Thus, by the Solvable Subgroup Theorem, every virtually solvable subgroup $H< G$ contains a finitely generated abelian subgroup of finite index. Moreover, every element in $G$ will be semi-simple by Prop. 6.10 (2) from Bridson-Haefliger. By Corollary 7.2, there is an $H$-invariant closed convex subspace of $\tilde{X}$ isometric to a product $Y\times \mathbb{E}^n$, so that $H$ acts as the identity on $Y$ and acts cocompactly on the $\mathbb{E}^n$ factor. Any isometry of $\tilde{X}$ which normalizes $H$ preserves $Y\times \mathbb{E}^n$ and its splitting. We conclude that $\tilde{X}=Y\times\mathbb{E}^n$ when $H$ is normal in $G$.

Now, I think for a CAT(0) cube complex $\tilde{X}$, the factorization $Y\times \mathbb{E}^n$ should actually be a product of cube complexes. This isn't quite right, since in the group $\mathbb{Z}^n$ there are clearly $\mathbb{R}^k$ factors of $\mathbb{R}^n$ which are not a factor of the cube complex structure. But I think if $H$ is assumed to be a virtually solvable normal subgroup of $G$ and maximal with respect to this property, then $\tilde{X}=Y\times \mathbb{E}^n$ should be a product of cube complexes. I think it should be possible to prove this by analyzing links of vertices of the Salvetti complex, and how the foliation by $\mathbb{E}^n$'s passes through them.

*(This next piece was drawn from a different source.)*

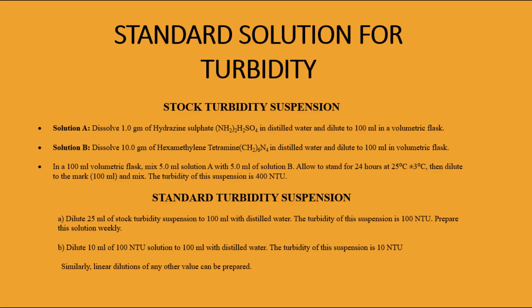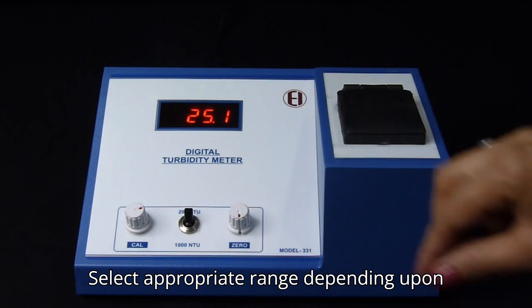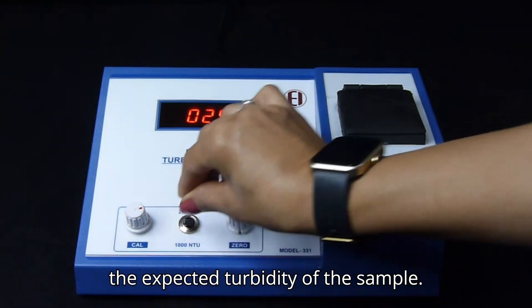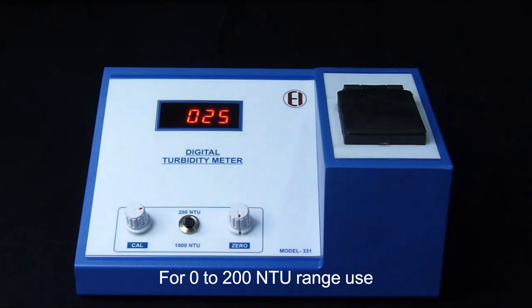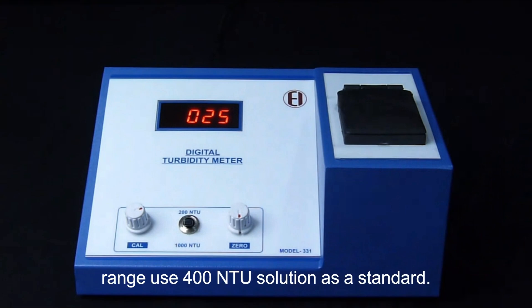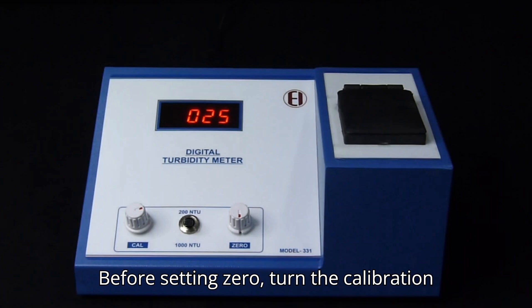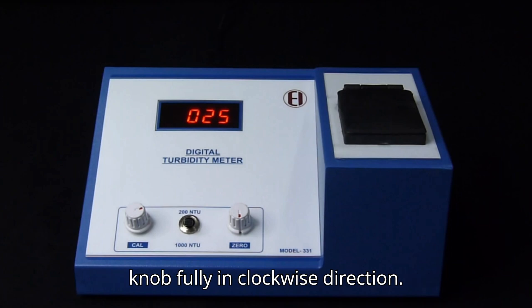The standard solutions can be prepared by using this method. Select the appropriate range depending upon the expected turbidity of the sample. For the 0 to 200 NTU range, use a 100 NTU solution, and for the 0 to 1000 NTU range, use a 400 NTU solution as a standard. Before setting 0, turn the calibration knob fully in the clockwise direction.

But this implies that $G=G_1\times \mathbb{Z}^n$ where $G_1$ is a right-angled Artin group, since each edge of a cube of the Salvetti complex corresponds to a generator, so a cube complex factor isometric to $\mathbb{R}^n$ will give generators commuting with every other generator.

As observed in one of the comments, $G$ satisfies the Tits alternative since it is linear, so a normal subgroup is either virtually solvable, and then $G$ splits off a $\mathbb{Z}^n$ factor, or the normal subgroup is not solvable and therefore must contain a free subgroup. However, one would need to fill in the above missing step to finish this argument.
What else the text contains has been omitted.